Also definitely worth trying are papas arrugadas (wrinkled potatoes), otherwise known as Canarian potatoes. This dish consists of small, new potatoes boiled with their jackets on in salty water, but their real flavour comes from the accompanying mojos (sauces). Using olive oil as a base, various herbs and spices are added to create a piquant green, red, or orange-coloured sauce.
If you like fish, you will be in paradise in Gran Canaria. Among the most typical regional recipes are caldo de pescado (fish soup) and vieja sancochada (sea-bream casserole). Sancocho Canario is served during fiestas and on Sundays – a special stew made from salted cod and sweet potato. Freshly grilled sardines are also popular, particularly in Sardina de Norte, a town tucked away on Gran Canaria’s northern coast.
Some local restaurants even have their own fishing boats which go out daily to catch fresh crab, lobsters and fish. These then go straight onto the menu for visitors to savour and enjoy!

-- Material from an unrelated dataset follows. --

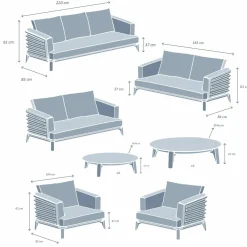 MOBELLIA Salon de jardin aluminium 9 places 12 pcs Monte Carlo Blanc et beige Blanc - Beige Best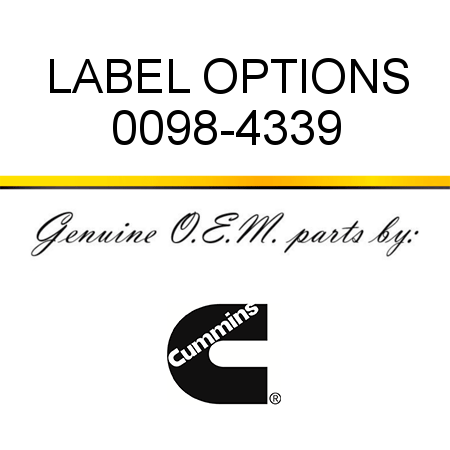 LABEL OPTIONS 0098-4339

The most typical dessert is bienmesabe (literally: ‘it tastes good to me’), a combination of ground almonds, lemon rind, sugar and eggs. Besides that, you have a wide choice of tropical fruits, like mango, avocado and papaya. Huevos mole is another popular pudding, made from egg yolks beaten with sugar syrup and cinnamon. Also look out for the marzipan pralines from Tejeda and the sponges and meringues from Moya, which are the very definition of ‘moreish’.
Try the delicious Ron Miel (honey Rum), which is considered a local delicacy and can be found in market stalls, shops and behind the bar of most restaurants. Most people drink it straight or with a little ice, while others like to add it to coffee. A wide selection of Spanish wines and beers is also served all over the island.
The tradition of having tapas before meals is one of the most important Spanish contributions to the world of gastronomy. A tapa is a small, light mini-serving of a traditional recipe that Spaniards have either before lunch or dinner, always with a glass of wine or beer. The tapas tradition is a perfect excuse to have one or two drinks before the actual meal! The word ‘tapa’ comes from an old medieval tradition where wine was served with a small piece of ham that acted as a lid to cover the drink. Hence the word ‘tapa’, which literally means ‘lid’ in Spanish. Tapas can be presented in several ways – as a pincho (on a toothpick), as a small portion of a particular dish or as a canapé. Bear in mind, that in Gran Canaria, tapas are known as enyesques.